Booking.com and Implications for Domain-Name Trademarks: Distinctiveness, Consumer Surveys, Functionality

Course Details
- smart_display Format
On-Demand
- signal_cellular_alt Difficulty Level
- work Practice Area
Trademark and Copyright
- event Date
Tuesday, September 29, 2020
- schedule Time
1:00 p.m. ET./10:00 a.m. PT
- timer Program Length
90 minutes
-
This 90-minute webinar is eligible in most states for 1.5 CLE credits.
This CLE course will guide trademark counsel through the Supreme Court's June 30, 2020 decision in Booking.com and its implications on brand management strategy related to domain names containing generic terms, including trademark prosecution and trademark enforcement. The panel will address the potential effectiveness of surveys in assisting the Trademark Office and courts in determining whether a domain name has acquired trademark significance, along with other best practices in preparing a generic domain name for attempted registration or enforcement as a trademark.
Faculty

Mr. Frohling is a leading legal strategist on marketing and corporate communications mechanisms and content. He combines over 25 years of counseling, transactional and litigation experience with a passion for forging creative, strategic solutions that achieve the enterprise’s on-the-street and online goals within its risk profile. Mr. Frohling works with clients in a variety of industries, including retail and consumer brands, real estate, and industrial manufacturing, both domestically and internationally. He fosters, supports and defends all aspects of clients’ marketing and communications efforts, including brand clearance, exploitation and policing; advertising disputes; marketing co-ventures; e-commerce ventures and disputes; corporate responsibility initiatives; ad agency agreements, disputes and terminations; talent deals and terminations; and the protection and exploitation of media content.

Mr. Fingerhut is the former leader of the firm’s Trademark & Copyright Practice for eight years. Ranked as a First Tier trademark lawyer in the World Trademark Review’s “WTR 1000,” he has practiced all aspects of global brand identity and reputation management for more than 25 years. His practice includes trademark, copyright, right of publicity, advertising, marketing, domain name and new media law. Throughout his career Mr. Fingerhut has registered and protected many of the world's best known brand names in the automotive, bicycle, clothing, food, hospitality and technology industries. The crux of Mr. Fingerhut’s practice includes clearance searches and opinions, global filing programs, designing and implementing trademark protection and enforcement programs, and managing global trademark portfolios. His litigation experience includes infringement, dilution, cybersquatting and unfair competition cases in U.S. district and appellate courts, oppositions and cancellations before the United States TTAB and domain name arbitration proceedings.
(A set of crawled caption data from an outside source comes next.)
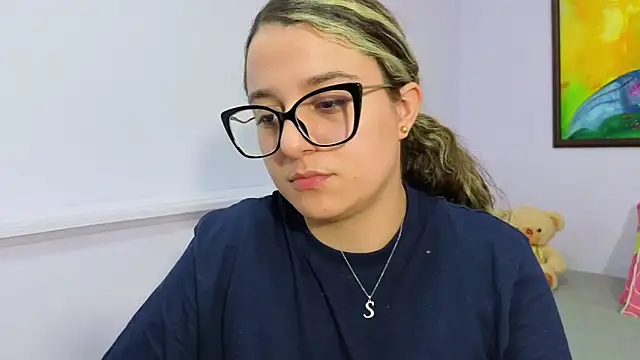 katiaa lovv online show from February 2026 12:10:01 AM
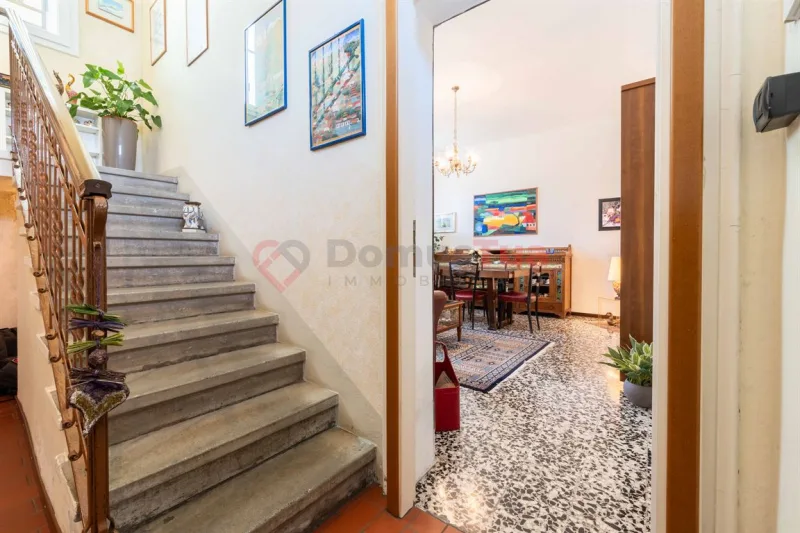 CASA SEMINDIPENDENTE SU DUE LIVELLI CON GIARDINO DI PROPRIETÀ — foto 10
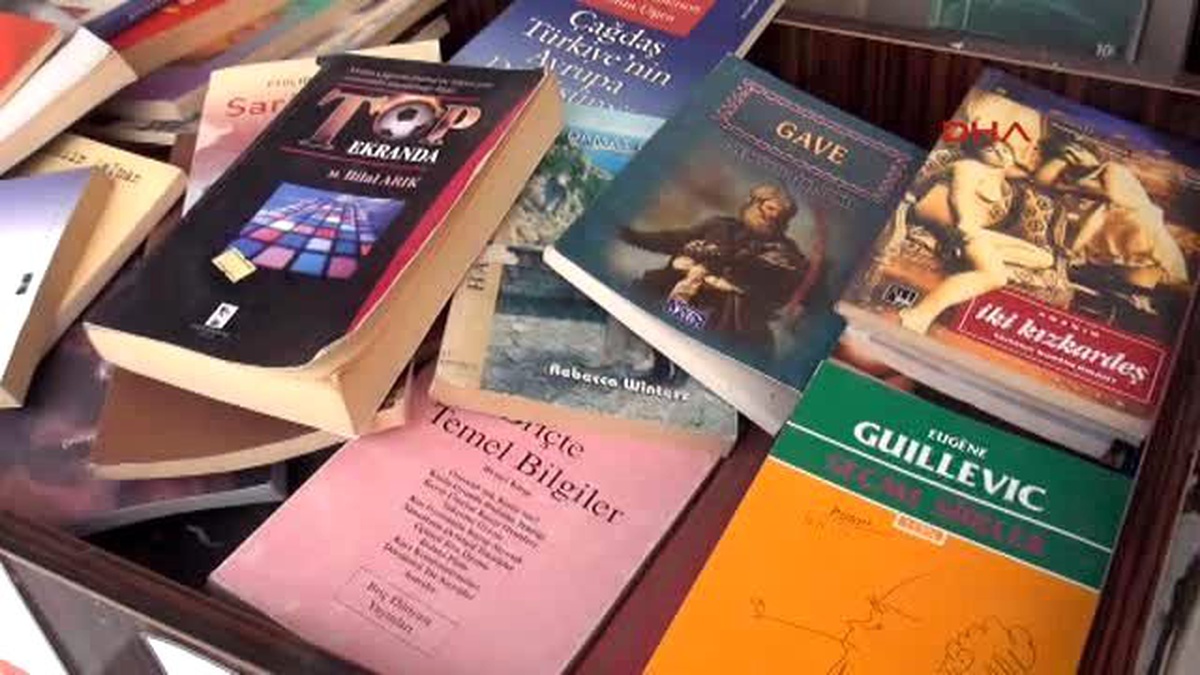 Amasya - Okumayı Teşvik İçin 1 Liraya Kitap Satıyor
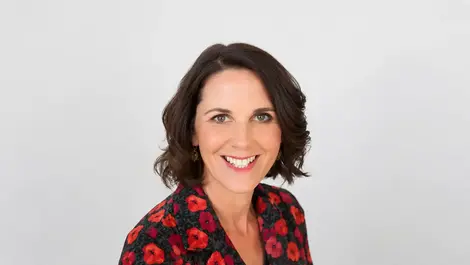 Is getting on the property ladder harder for women?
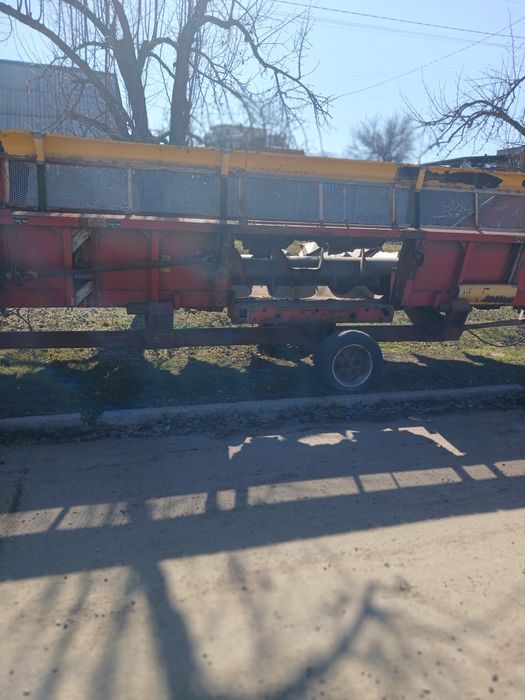 Продам Комбаин  Лаверда 3890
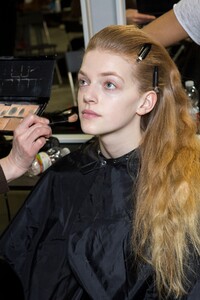 backstage-defile-sportmax-automne-hiver-2019-2020-milan-coulisses-64.thumb.jpg.9bb88cbb8633c88bef63899fec9e28d1.jpg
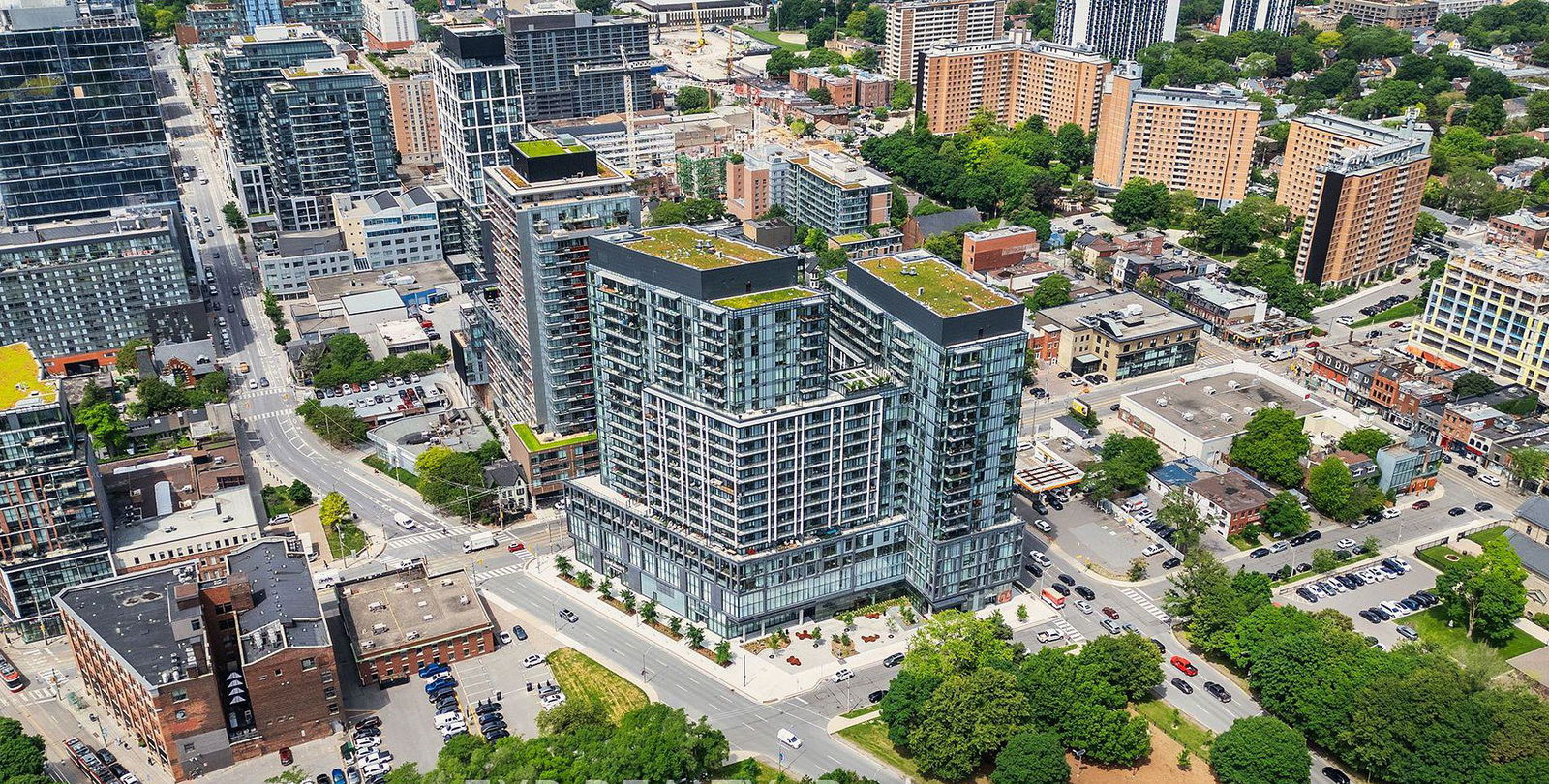 Exterior — Home Power + Adelaide Condos, Downtown, Toronto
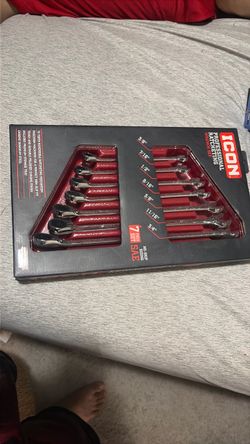 Wrench tool set willing to negotiate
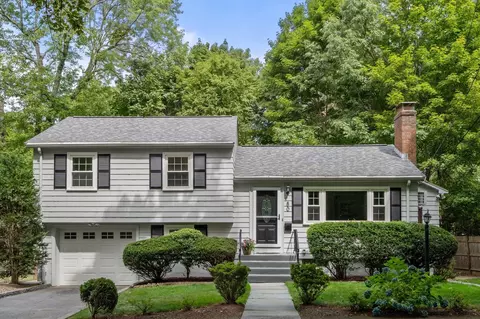 80 Wade St, Newton, MA 02461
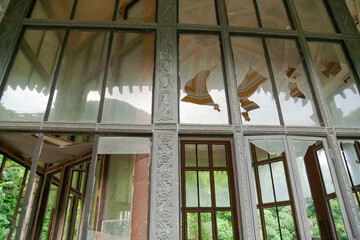 Obraz premium Window with a frame and a window pane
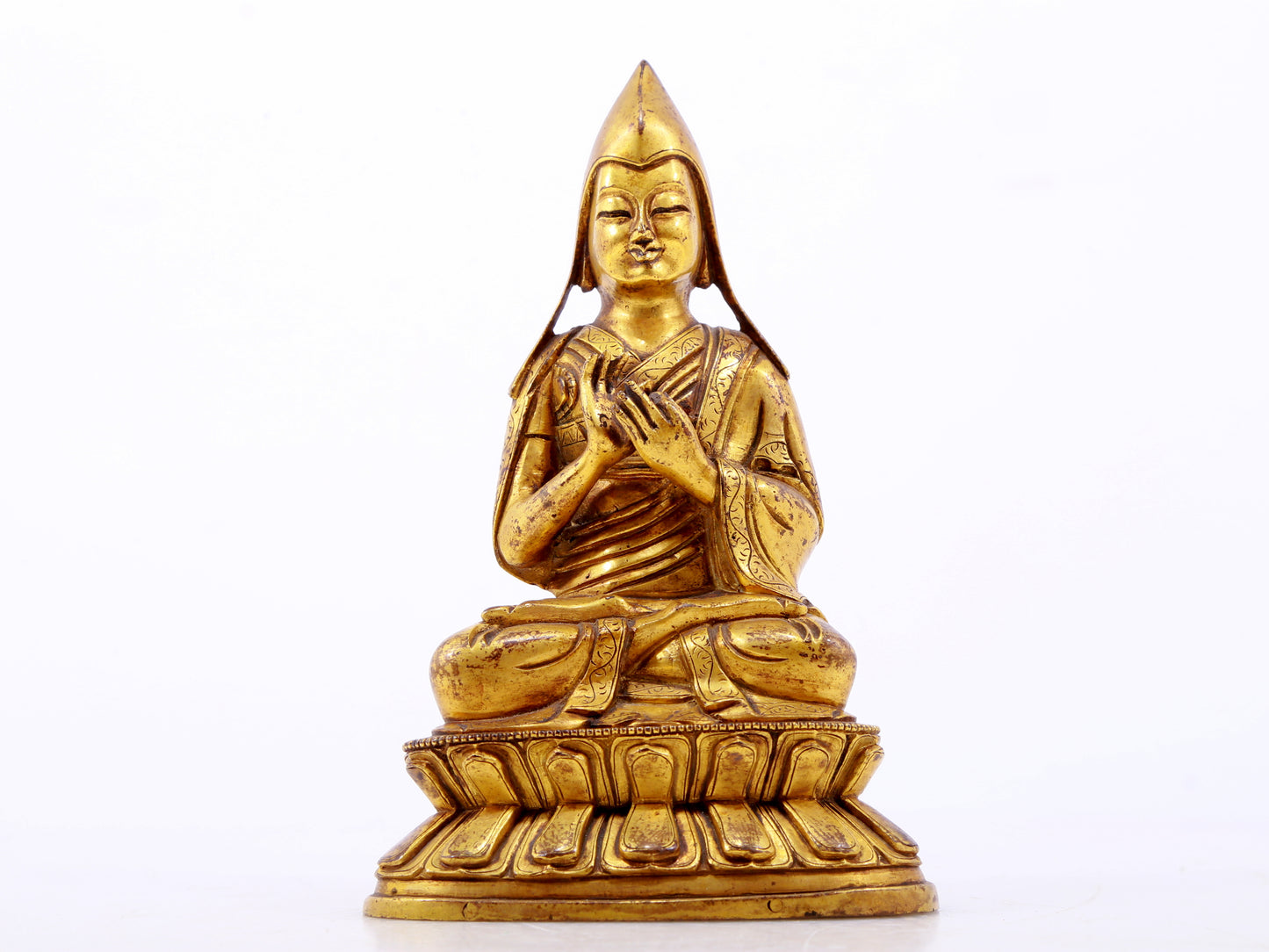 A serene gilt bronze statue of Tsongkhapa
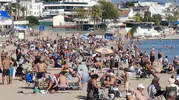 Didim’de mevsimler şaştı: Ekim sonunda plajlar dolup taştı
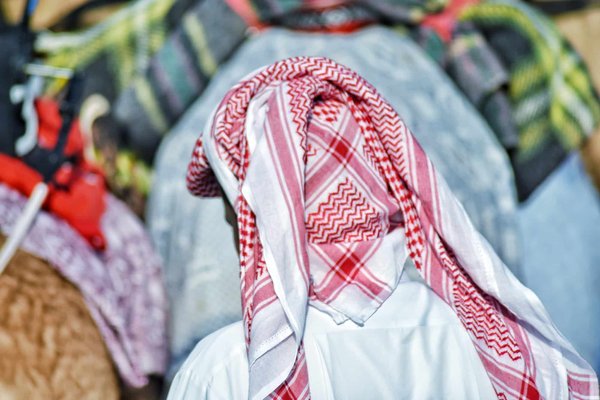 Quelles sont les différentes façons de porter le keffieh ?
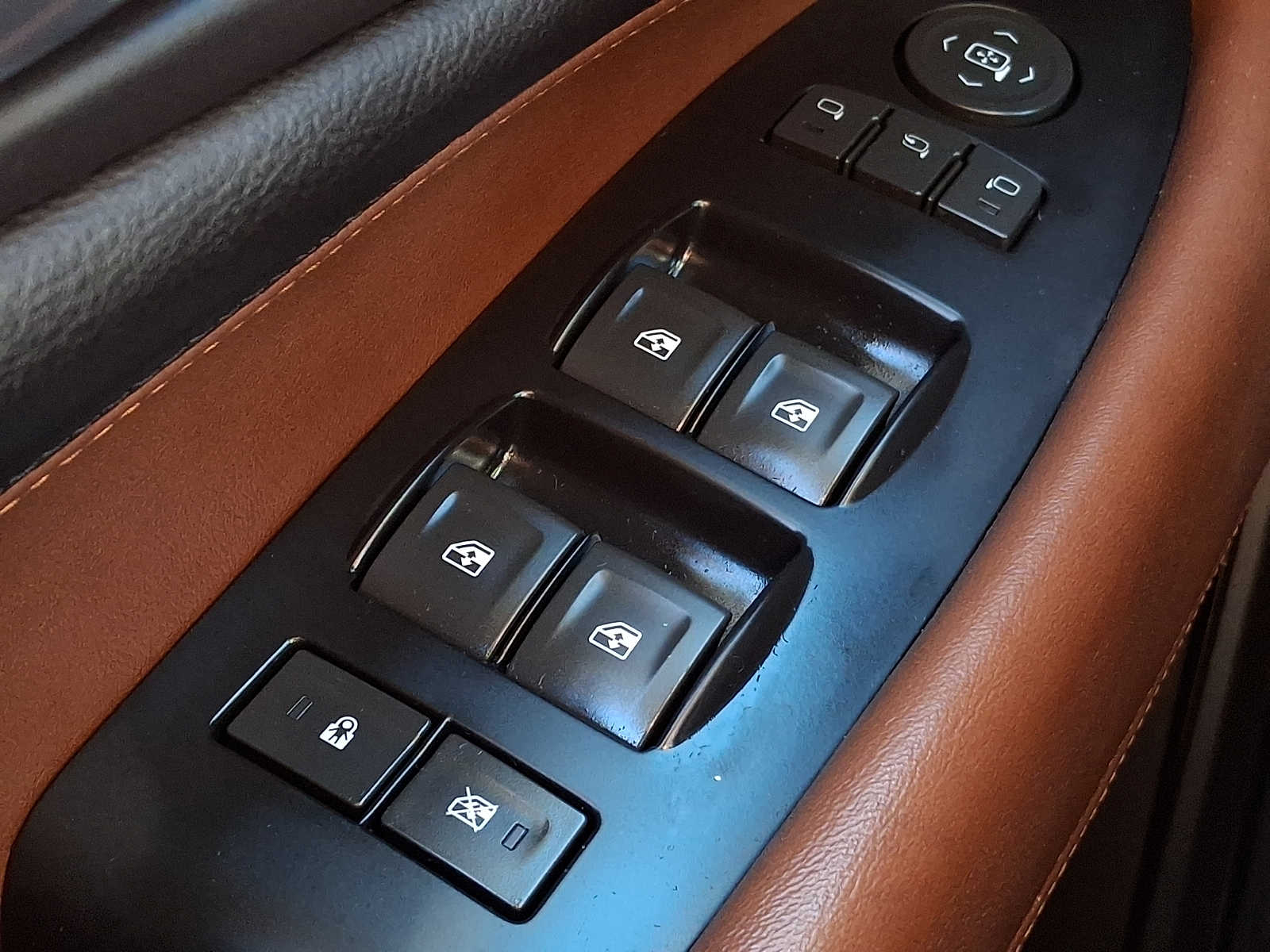 Thumbnail: 2017 Cadillac Escalade - 24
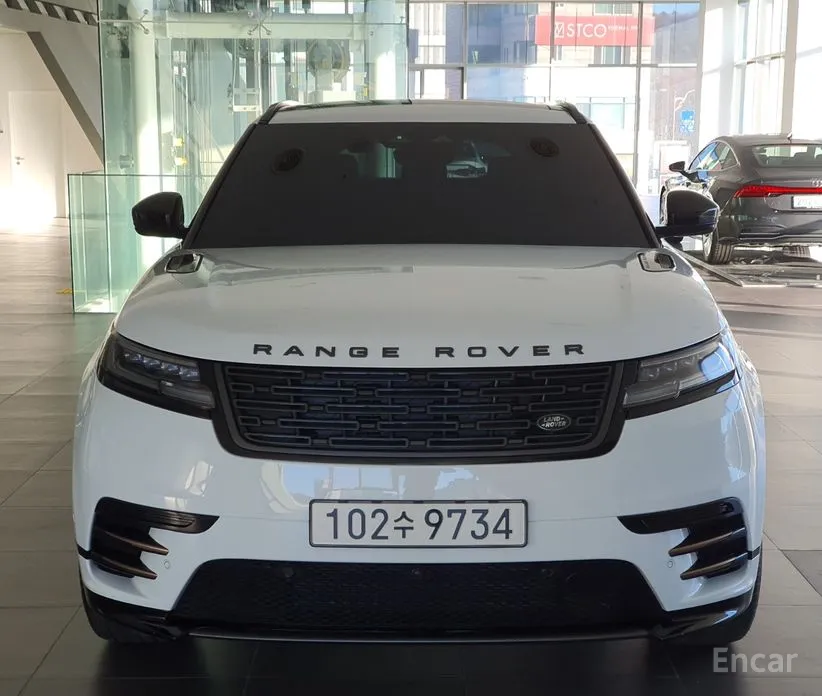 Фото 2 - Land Rover Range Rover Velar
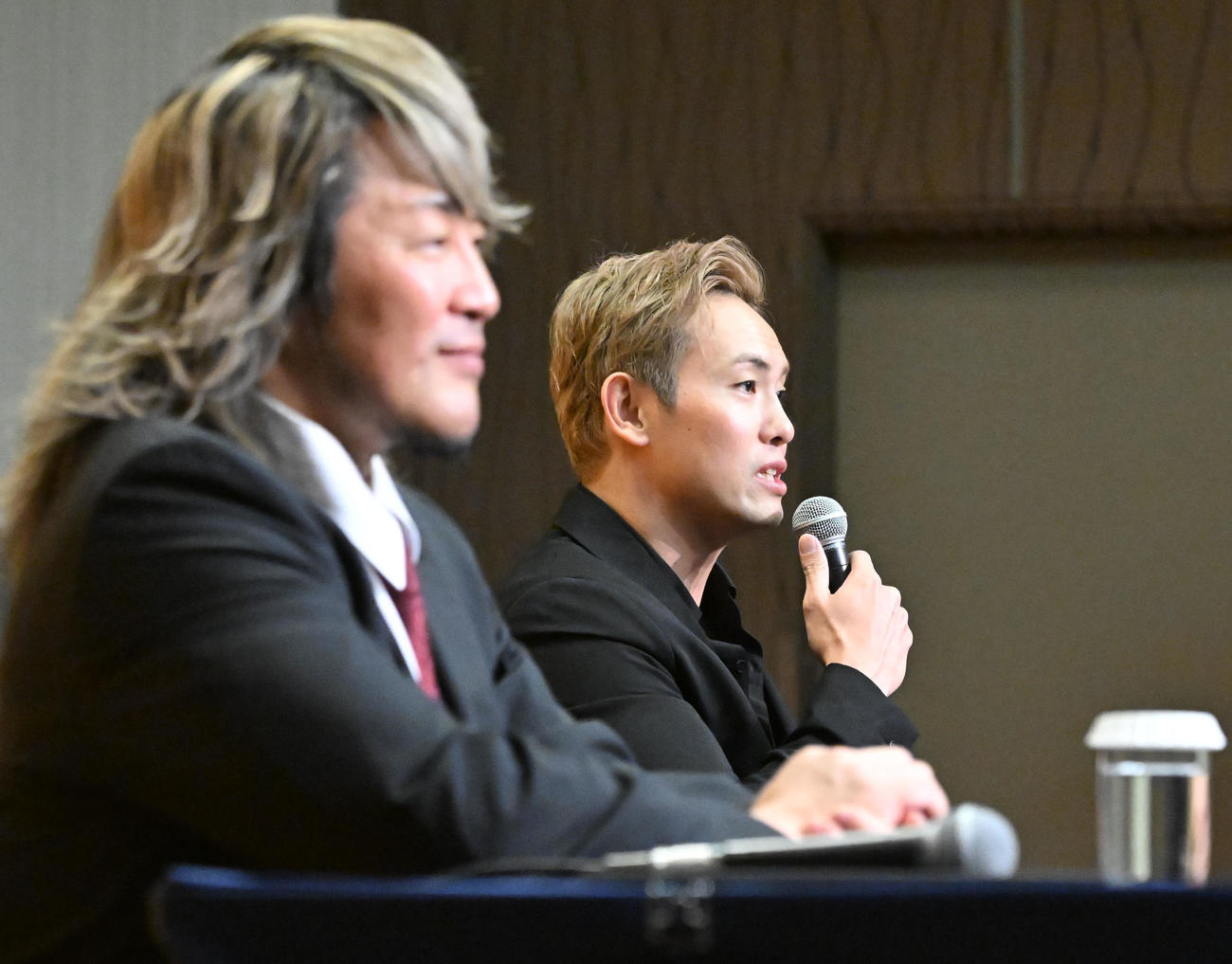 引退試合の対戦カードが決定し、記者会見する棚橋弘至（左）と対戦相手のオカダ・カズチカ（撮影・千葉一成）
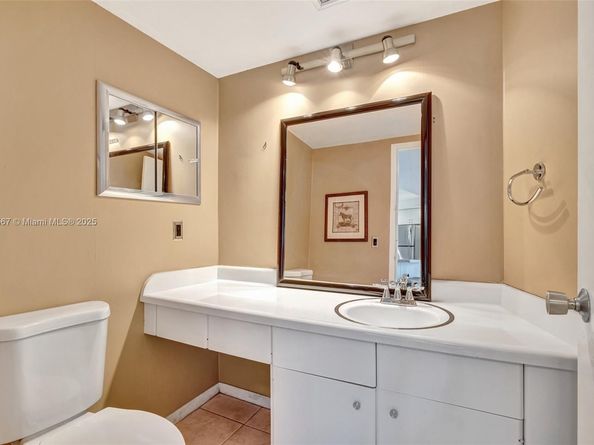 3000 Holiday Dr 306, Fort Lauderdale FL 33316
Mr. Feldman, Vice Chair of the firm’s Trademark & Brand Management Group, counsels companies, organizations, and individuals on the protection of their intellectual property rights. He focuses his practice on establishing effective domestic and international brand management best practices and resolving intellectual property controversies between his clients and third parties, including trademark, copyright, domain-name and right-of-publicity disputes.
Description
The Supreme Court in U.S. Patent and Trademark Office v. Booking.com B.V. held that a domain name composed of a generic word (Booking) and a generic top-level domain (.com) can qualify for trademark registration if consumers view the domain name as a composite mark that denotes a source of goods and services and not as a generic term. The Court held that a generic term with ".com" is a "generic name for a class of goods or services only if the term has that meaning to consumers." The decision opens up the playing field for companies owning well-known domain names containing only generic terms “before the dot” and allows for the opportunity for trademark protection.
The decision will likely impact the volume of applications for generic + .com domain-name composite marks and the volume of appeals to the Trademark Trial and Appeal Board of genericness refusals against generic + .com domain-name composite marks. Because the Supreme Court determined that the registrability of a generic + .com domain-name composite mark turns on consumer perception, practitioners and brand owners will want to understand the best practices in creating a record of consumer recognition for ex parte appeals.
Listen as our authoritative panel of trademark attorneys examines the Supreme Court's June 30, 2020, decision in Booking.com and the implications of the decision on brand management strategy for many notable domain names. The panel will offer best practices for registering generic domain names, including building a strong record with survey evidence and avoiding ancillary refusals such as functionality refusals. The panel will also offer insight on cost-benefit analyses for seeking registration of generic + .com domain-name composite marks.
Outline
- U.S. Patent and Trademark Office v. Booking.com B.V. (U.S. June 30, 2020)
- Implications of Booking.com decision for registration of generic + .com domain-name composite marks
- Implications of Booking.com decision for enforcement of generic + .com domain-name composite marks
- Building a record for registering generic + .com domain-name composite marks
- Other implications of the Booking.com decision
Benefits
The panel will review these and other key issues:
- What will the Supreme Court's decision mean for registering and enforcing generic + .com domain-name composite marks?
- How should particular evidence regarding a mark's significance be analyzed and weighted?
- What best practices should counsel employ to get trademark protection for generic + .com domain-name composite marks?